Each line from the one that contains "this 1300×894 image." to the end of the entries must be copied word for word, and only those lines.

[Data items]
---
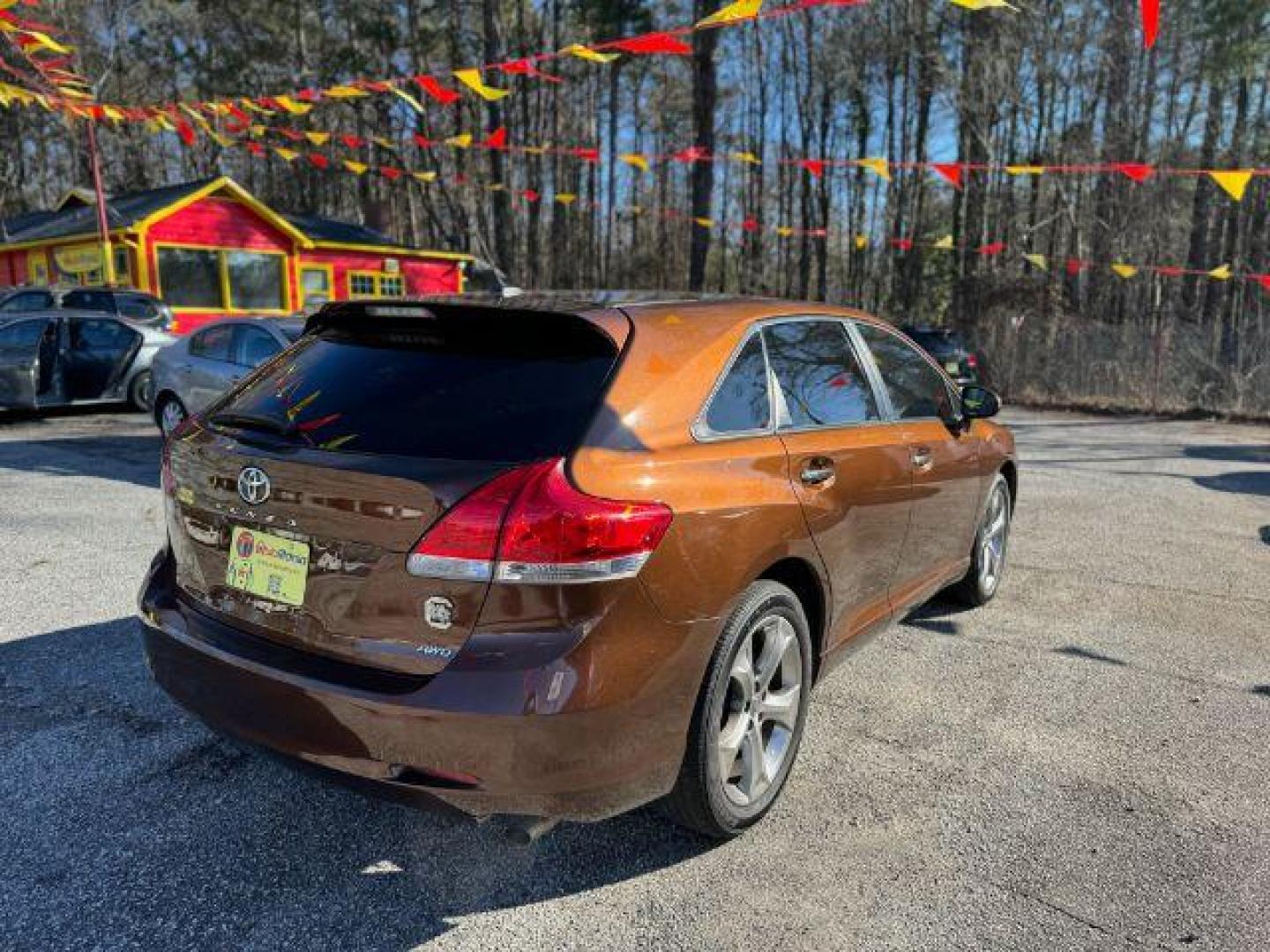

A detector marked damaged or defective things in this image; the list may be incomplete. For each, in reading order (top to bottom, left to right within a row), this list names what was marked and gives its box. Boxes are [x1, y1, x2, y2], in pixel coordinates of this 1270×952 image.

rear bumper damage [141, 547, 713, 822]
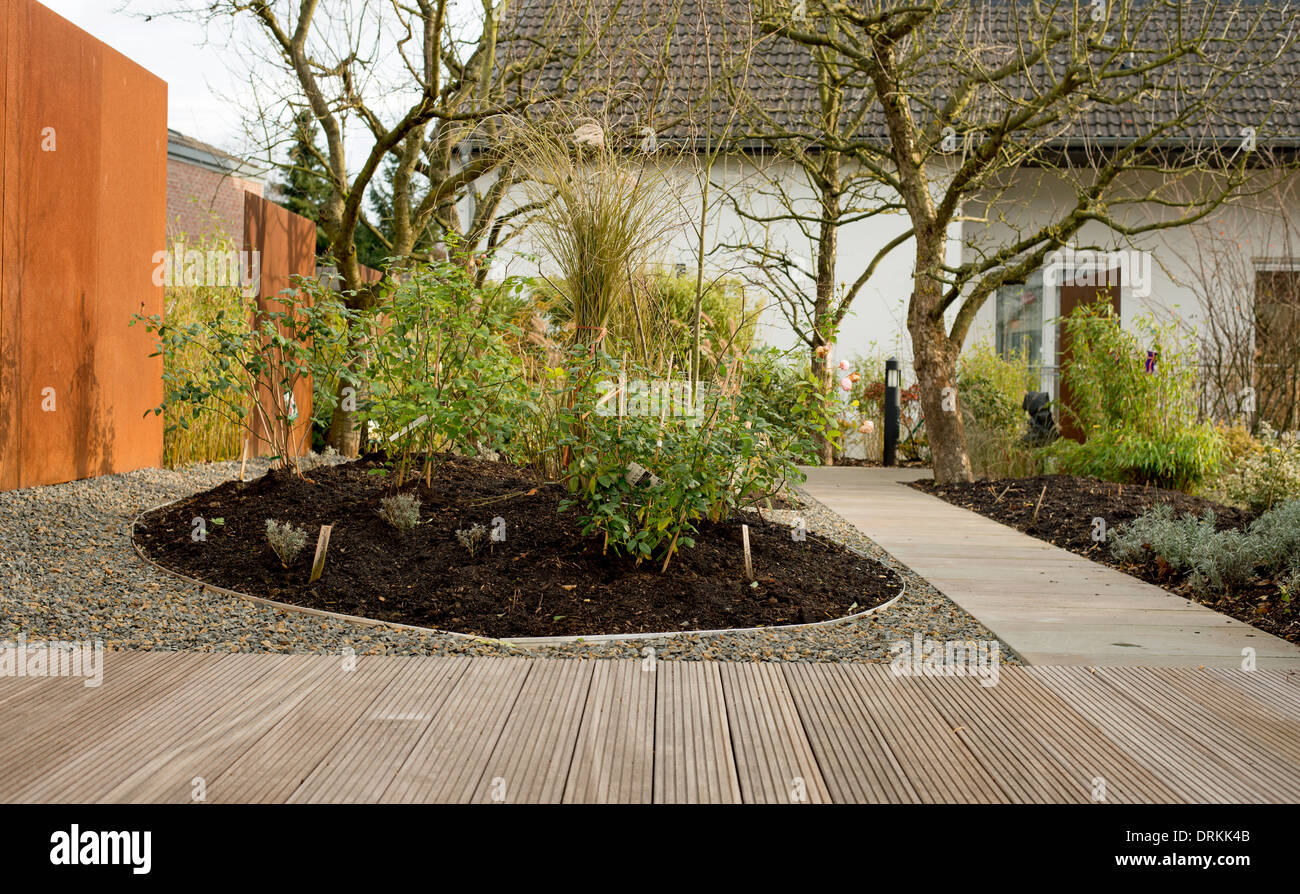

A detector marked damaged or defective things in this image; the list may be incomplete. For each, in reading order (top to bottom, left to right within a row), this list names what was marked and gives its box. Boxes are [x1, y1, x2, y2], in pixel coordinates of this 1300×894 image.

rusty metal panel [0, 0, 167, 488]
rusty metal panel [244, 194, 317, 459]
---
** SOLUTION FOR THIS EXERCISE **
A detector marked damaged or defective things in this image; the list may be incomplete. For each, in reading order (top to bottom, left to right within a row), this list names what was marked and gives its box. Boxes are [x1, y1, x2, y2], in pixel coordinates of this 1300×894 image.

rusty metal panel [0, 0, 167, 488]
rusty metal panel [244, 194, 317, 459]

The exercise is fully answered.